You see, NixOS VM tests are not really different from any other Nix derivation, so they're just as isolated. This is great to ensure reproducibility, but it is annoying sometimes. In nix-alien case, one test tries to run nix-shell inside the VM, and this ends up trying to download a copy of nixpkgs tarball. I tried as much as I could to preload the tarball directly to the VM's /nix/store, but nothing worked and I didn't want to leave the test in the previous state (that wasn't even working anymore in GitHub Actions thanks to some recent changes).

So I decided to be pragmatic: it is better to have an impure NixOS VM test than to keep the current state. And the easiest way to fix was to give access to VM to the internet.
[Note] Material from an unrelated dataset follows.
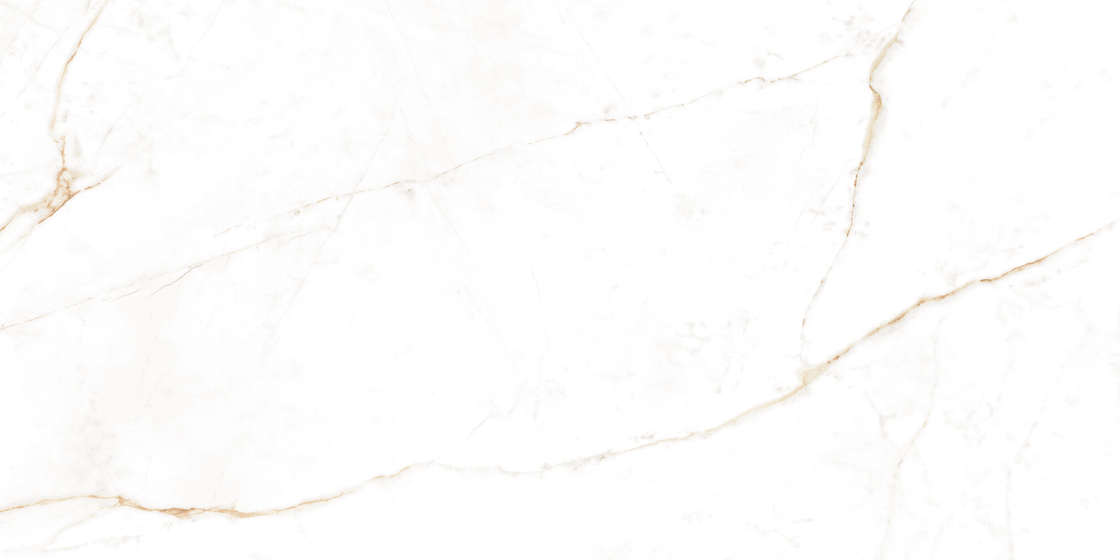 Dual White керамогранит Museum 60x120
But how to do so?

The answer is actually simple, but it is kind puzzling if you don't know where to look for. First, you need to add support for internet inside the VM. DHCP is the easiest option and will be shown in the example below, but you can configure it any other way (e.g.: static IP):

{
  description = "nix-alien";

  inputs = {
    nixpkgs.url = "github:NixOS/nixpkgs/nixos-unstable";
  };

  outputs =
    { nixpkgs, ... }:
    let
      system = "x86_64-linux";
      pkgs = nixpkgs.legacyPackages.${system};
    in
    {
      checks.${system}.it = pkgs.testers.runNixOSTest {
        name = "integration-tests";

        nodes.machine =
          { pkgs, lib, ... }:
          {
            # Not strictly necessary, but if you are depending in Nix inside
            # your VM tests, this has the effect of increasing reproducibility
            nix.nixPath = [ "${nixpkgs}" ];

            # Here is the important bit, starting the DHCP server
            networking.useDHCP = true;

            # Tweak some VM options
            virtualisation = {
              cores = 2;
              memorySize = 2048;
            };
          };

        testScript = # python
          ''
            start_all()

            # Good to make sure that DHCP client started before testing
            machine.wait_for_unit("multi-user.target")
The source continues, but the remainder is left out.